• Description of the task: Only one stretch of the data below is needed: the line with "Create a credential type via the web app." through the last line. Output it exactly and drop the pictures.

• Given data:
========================

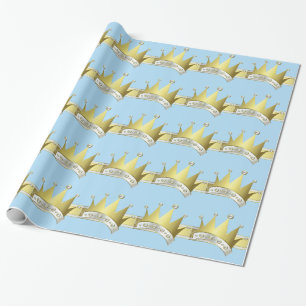 Blauw en goud Kleine Prins babyshower Cadeaupapier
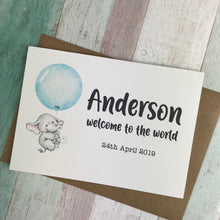 Load image into Gallery viewer, Welcome To The World Baby Boy Card - Personalised-7-The Persnickety Co
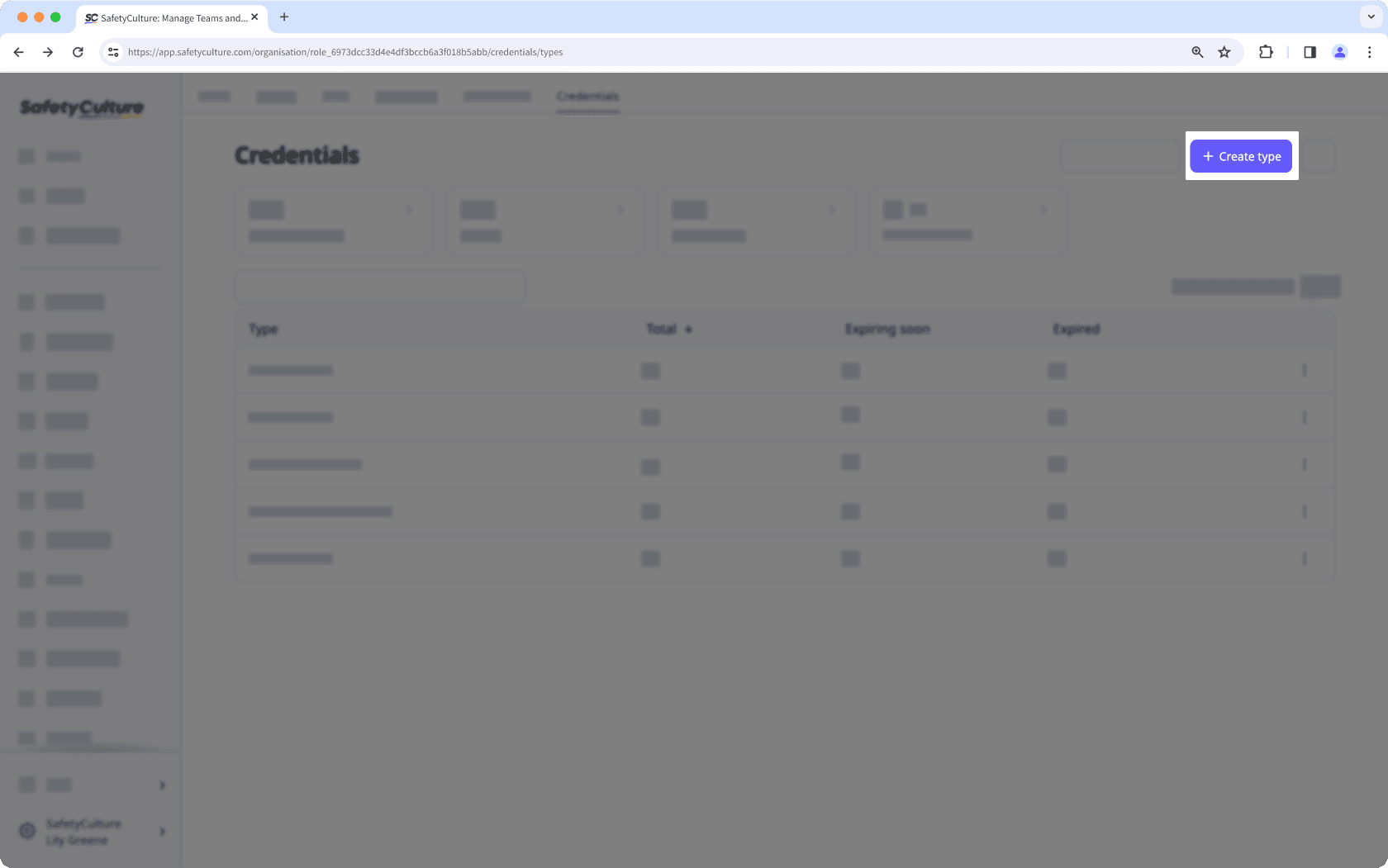 Create a credential type via the web app.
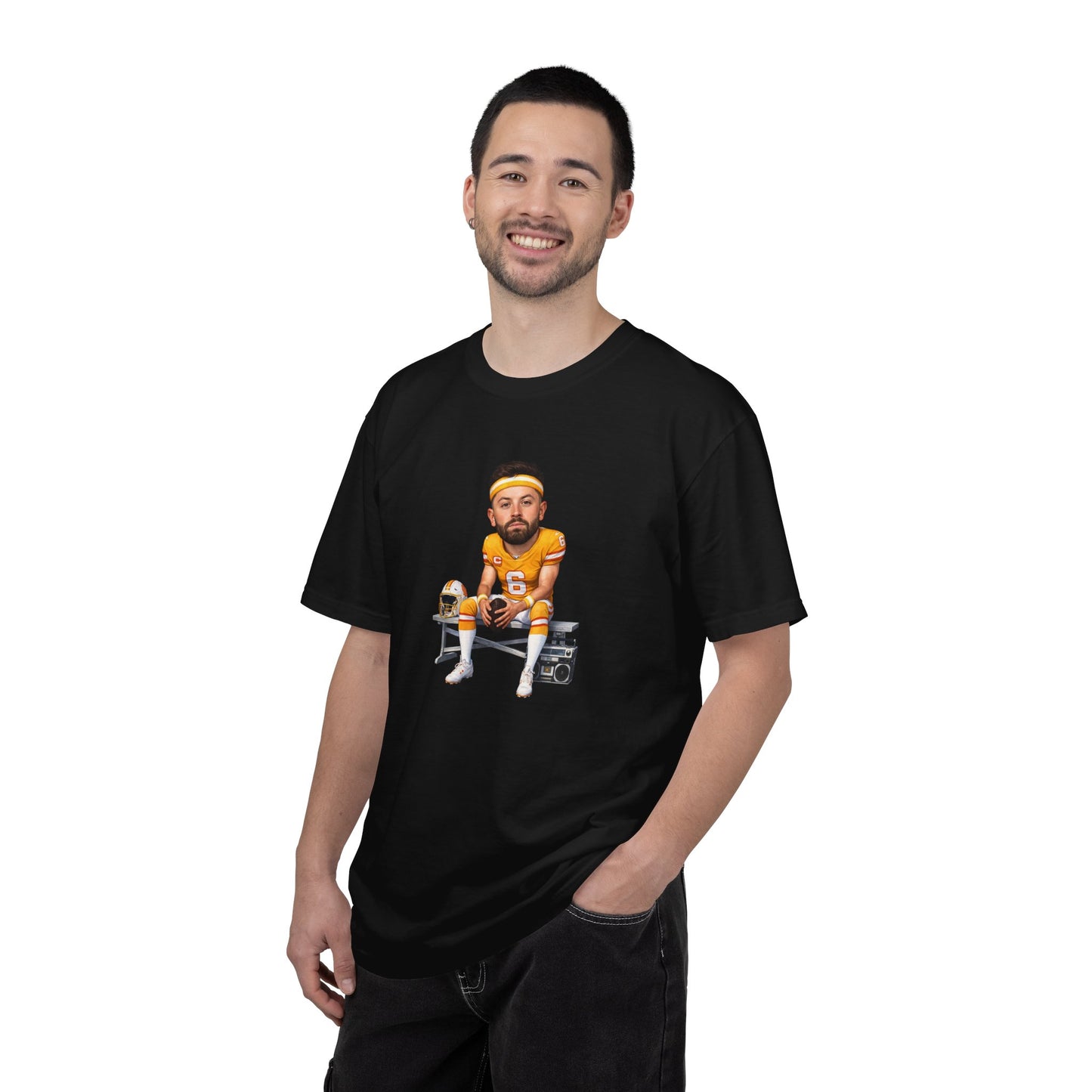 Tampa Bay Bucs Baker Mayfield Football Player Caricature T-shirt | Bench, Helmet, Boombox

========================

• Final answer:
 Create a credential type via the web app.
 Tampa Bay Bucs Baker Mayfield Football Player Caricature T-shirt | Bench, Helmet, Boombox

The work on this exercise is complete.